United States

SECURITIES AND EXCHANGE COMMISSION

Washington, D.C. 20549

 

FORM 8-K

 

CURRENT REPORT

Pursuant to Section 13 or 15(d) of the

Securities Exchange Act of 1934

 

Date of report (Date of earliest event reported): August 3, 2018

 

HOUSTON AMERICAN ENERGY CORP.

(Exact name of registrant as specified in its charter)

 

Delaware   1-32955   76-0675953

(State or other jurisdiction of

incorporation or organization)

 

(Commission

File Number)

 

(IRS Employer

Identification No.)

 

801 Travis Street, Suite 1425

Houston, Texas 77002

 

(Address of principal executive offices, including zip code)

 

713-222-6966

 

(Registrant’s telephone number,

including area code)

 

 

 

(Former name or former address, if changed since last report)

 

Check the appropriate box below if the Form 8-K filing is intended to simultaneously satisfy the filing obligations of the registrant under any of the following provisions (see General Instruction A.2. below):

 

[  ] Written communications pursuant to Rule 425 under the Securities Act (17 CFR 230.425)
   
[  ] Soliciting material pursuant to Rule 14a-12 under the Exchange Act (17 CFR 240.14a-12)
   
[  ] Pre-commencement communications pursuant to Rule 14d-2(b) under the Exchange Act (17 CFR 240.14d-2(b))
   
[  ] Pre-commencement communications pursuant to Rule 13e-4(c) under the Exchange Act  (17 CFR 240.13e-4(c))

 

 

 

   
 

 

Item 4.01 Changes in Registrant’s Certifying Accountant

 

On August 3, 2018, Houston American Energy Corp. (the “Company”) engaged Marcum LLP (“Marcum”) as its independent registered public accountants.

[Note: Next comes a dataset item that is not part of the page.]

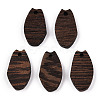 Natural Wenge Wood Pendants WOOD-T023-90-1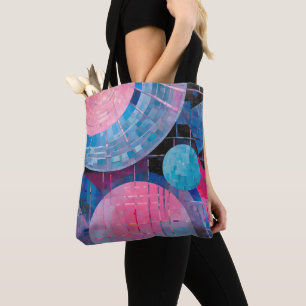 Subtle Shades of Blue & Pink in Abstract Tote Bag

This engagement occurred in connection with the Company’s prior independent public accountants, GBH CPAs, PC (“GBH”) resigning, effective July 1, 2018, as a result of combining its practice with Marcum. The engagement of Marcum has been approved by the Audit Committee of the Company’s Board of Directors.

 

Pursuant to applicable rules, the Company makes the following additional disclosures:

 

(a) GBH’s reports on the consolidated financial statements of the Company as at and for the fiscal years ended December 31, 2017 and 2016 did not contain any adverse opinion or disclaimer of opinion and were not qualified or modified as to uncertainty, audit scope or accounting principles.

 

(b) During the fiscal years ended December 31, 2017 and 2016 and through August 3, 2018, there were no disagreements with GBH on any matter of accounting principles or practices, financial statement disclosure, or auditing scope or procedure, which if not resolved to GBH’s satisfaction would have caused it to make reference thereto in connection with its reports on the financial statements for such years. During the fiscal years ended December 31, 2017 and 2016 and through August 3, 2018, there were no events of the type described in Item 304(a)(1)(v) of Regulation S-K.

 

(c) During the fiscal years ended December 31, 2017 and 2016 and through August 3, 2018, the Company did not consult with Marcum with respect to any matter whatsoever including without limitation with respect to any of (i) the application of accounting principles to a specified transaction, either completed or proposed; (ii) the type of audit opinion that might be rendered on the Company’s financial statements; or (iii) any matter that was either the subject of a disagreement (as defined in Item 304(a)(1)(iv) of Regulation S-K) or an event of the type described in Item 304(a)(1)(v) of Regulation S-K.

 

The Company has provided GBH with a copy of the foregoing disclosure and requested that it furnish the Company with a letter addressed to the Securities and Exchange Commission stating whether it agrees with the statements made therein. A copy of such letter, dated August 3, 2018, is filed as Exhibit 16.1 to this Report.

 

Item 9.01. Financial Statements and Exhibits.

 

(d) Exhibits.

 

  Exhibit No.   Description
       
 

16.1

 

Letter from GBH CPAs, P.C. regarding change of certifying independent accountant.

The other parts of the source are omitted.